TASK DESCRIPTION: Every line below between the line holding "COMPLETO 4 PEZZI" and the line holding "14K Yellow Gold", inclusive, should be repeated exactly, and all other lines omitted.

DATA IN THIS EXERCISE:
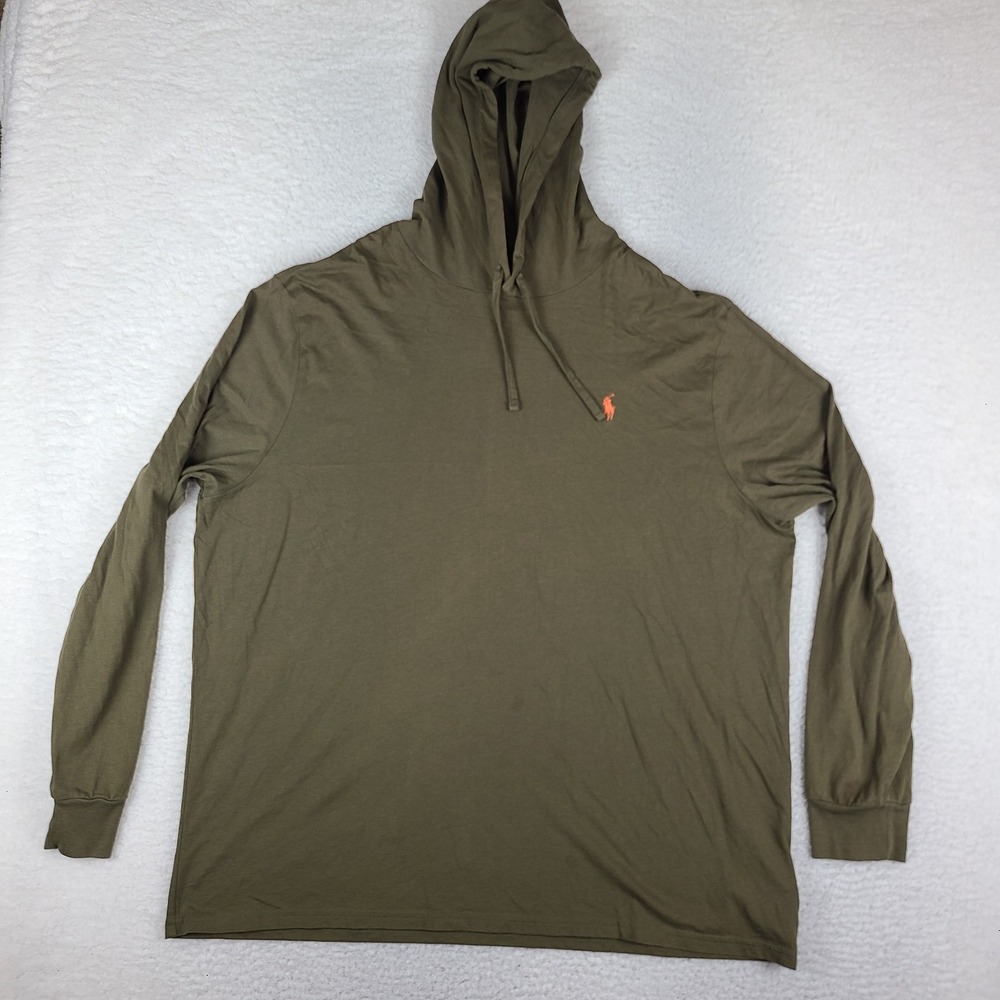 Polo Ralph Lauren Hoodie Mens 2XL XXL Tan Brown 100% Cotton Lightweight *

---

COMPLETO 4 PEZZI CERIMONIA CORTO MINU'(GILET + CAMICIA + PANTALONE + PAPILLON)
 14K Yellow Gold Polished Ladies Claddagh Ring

EXERCISE OUTPUT:
COMPLETO 4 PEZZI CERIMONIA CORTO MINU'(GILET + CAMICIA + PANTALONE + PAPILLON)
 14K Yellow Gold Polished Ladies Claddagh Ring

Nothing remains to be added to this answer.